Dataset items:
■ ■ ■
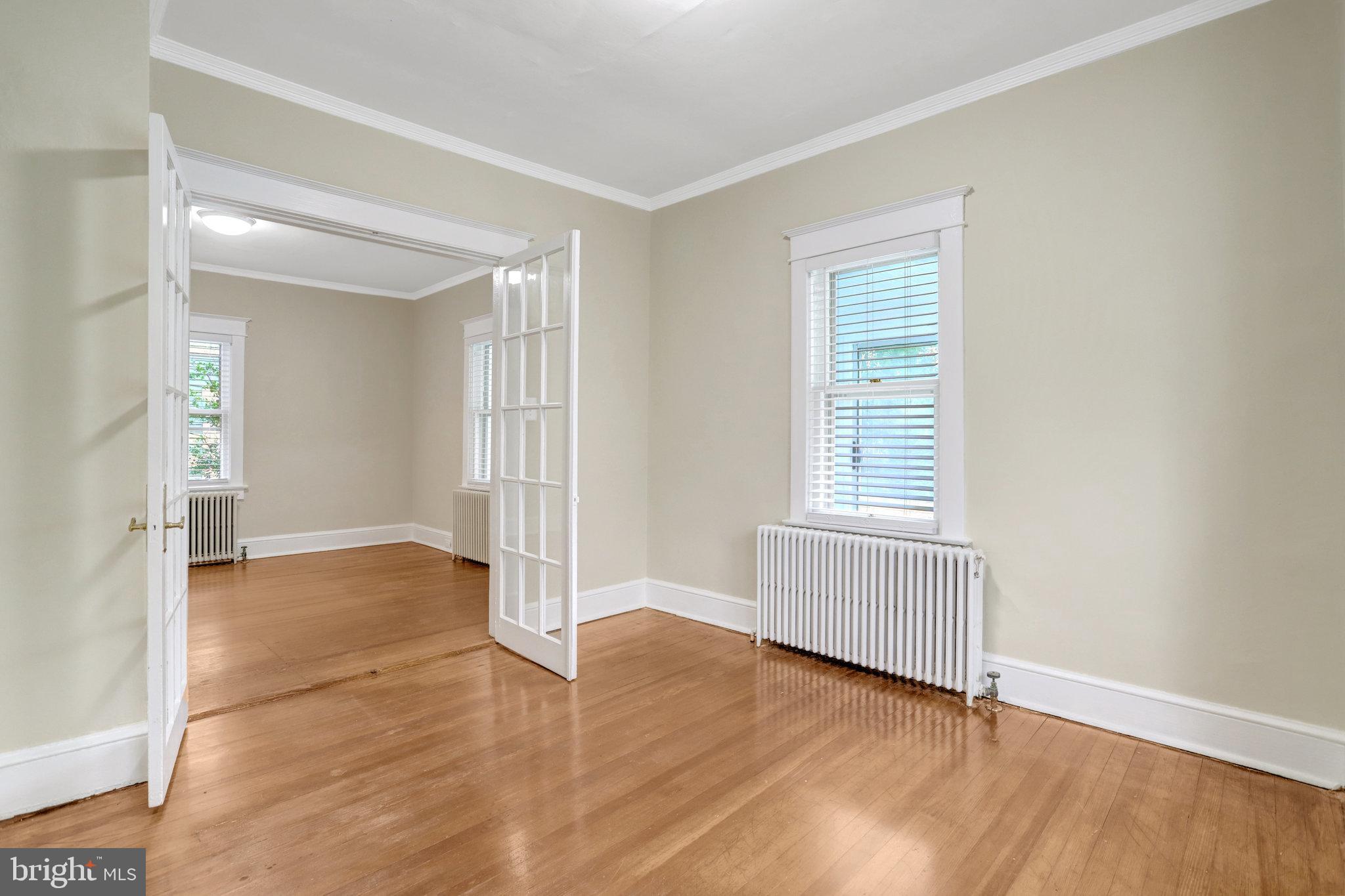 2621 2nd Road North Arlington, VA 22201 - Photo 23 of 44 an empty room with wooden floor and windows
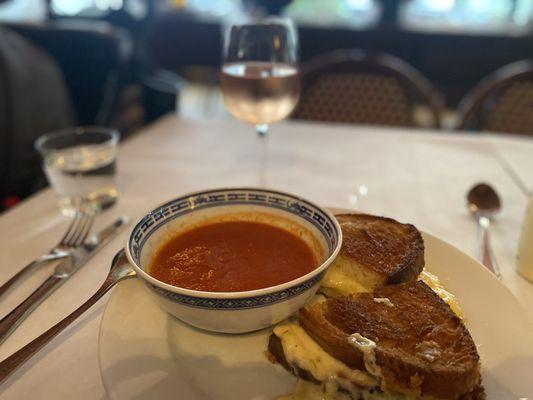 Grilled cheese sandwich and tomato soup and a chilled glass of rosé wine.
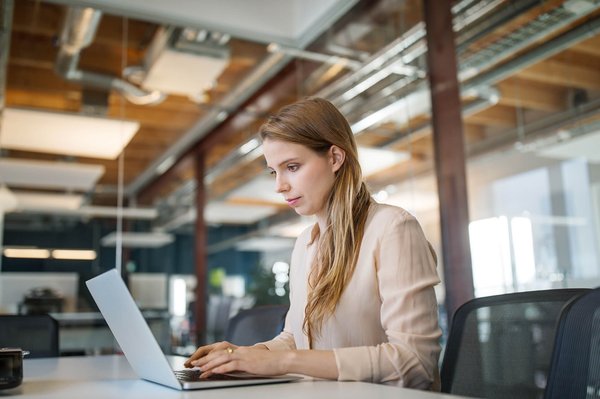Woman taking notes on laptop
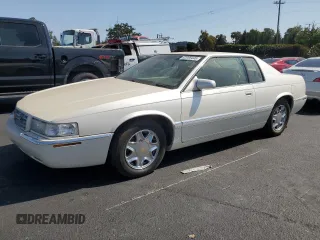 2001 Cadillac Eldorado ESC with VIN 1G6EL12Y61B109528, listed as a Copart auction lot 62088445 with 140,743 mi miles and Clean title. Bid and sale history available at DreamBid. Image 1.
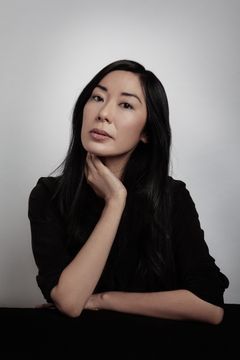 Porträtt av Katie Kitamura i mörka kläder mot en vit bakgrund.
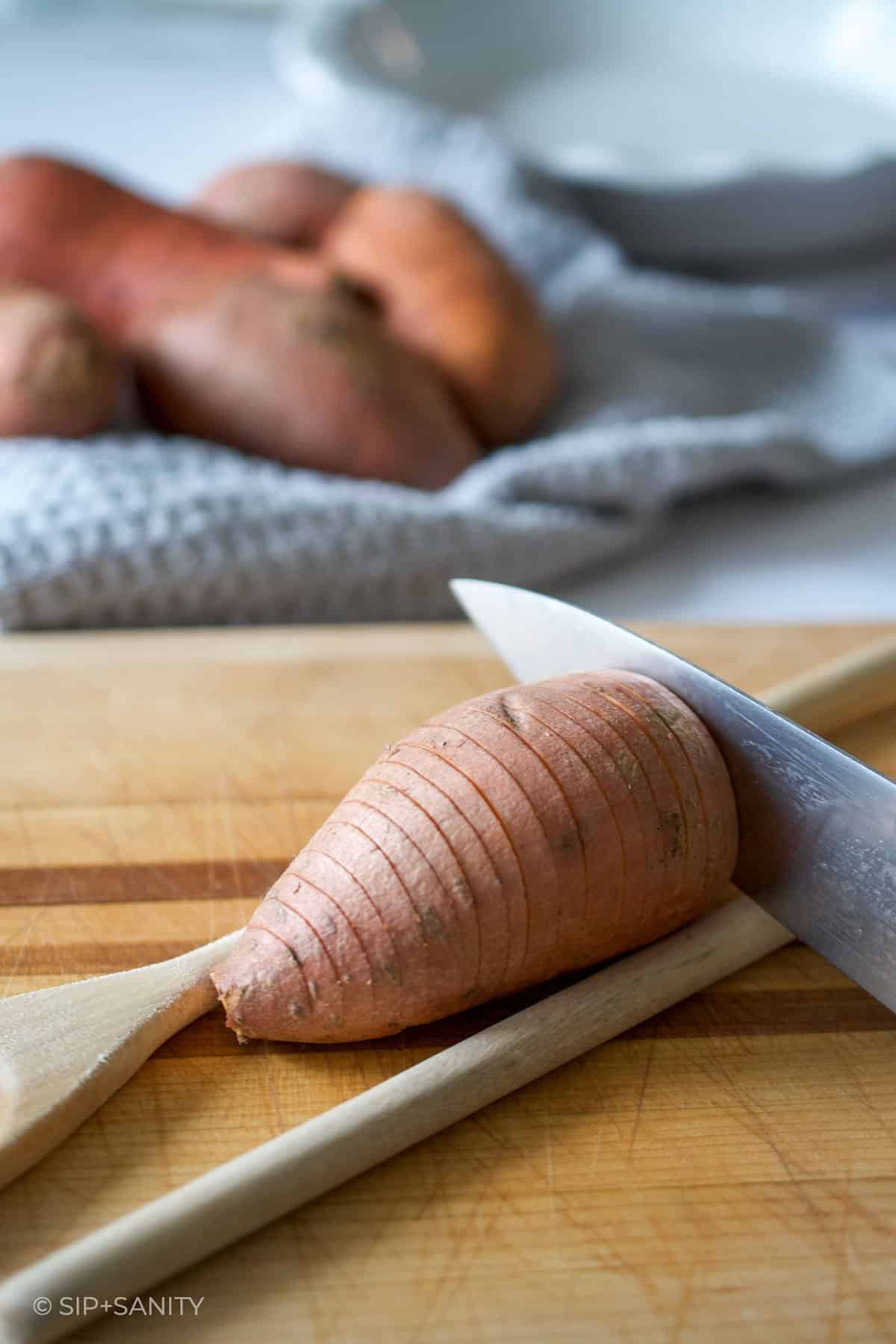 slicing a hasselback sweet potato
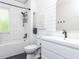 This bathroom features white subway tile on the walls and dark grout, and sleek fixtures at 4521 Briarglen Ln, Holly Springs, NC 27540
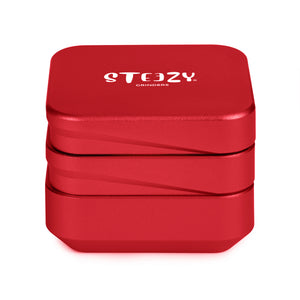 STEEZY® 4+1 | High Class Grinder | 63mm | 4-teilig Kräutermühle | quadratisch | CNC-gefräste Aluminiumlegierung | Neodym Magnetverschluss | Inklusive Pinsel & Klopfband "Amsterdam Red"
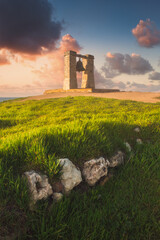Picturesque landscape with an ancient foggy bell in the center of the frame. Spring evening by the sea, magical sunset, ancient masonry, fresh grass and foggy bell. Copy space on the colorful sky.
■ ■ ■
Task objective: Retype the line containing "slicing a hasselback sweet potato" and each line after it through the last line of the entries above, exactly, with no pictures and nothing else.

Exercise response:
 slicing a hasselback sweet potato
 This bathroom features white subway tile on the walls and dark grout, and sleek fixtures at 4521 Briarglen Ln, Holly Springs, NC 27540
 STEEZY® 4+1 | High Class Grinder | 63mm | 4-teilig Kräutermühle | quadratisch | CNC-gefräste Aluminiumlegierung | Neodym Magnetverschluss | Inklusive Pinsel & Klopfband "Amsterdam Red"
Picturesque landscape with an ancient foggy bell in the center of the frame. Spring evening by the sea, magical sunset, ancient masonry, fresh grass and foggy bell. Copy space on the colorful sky.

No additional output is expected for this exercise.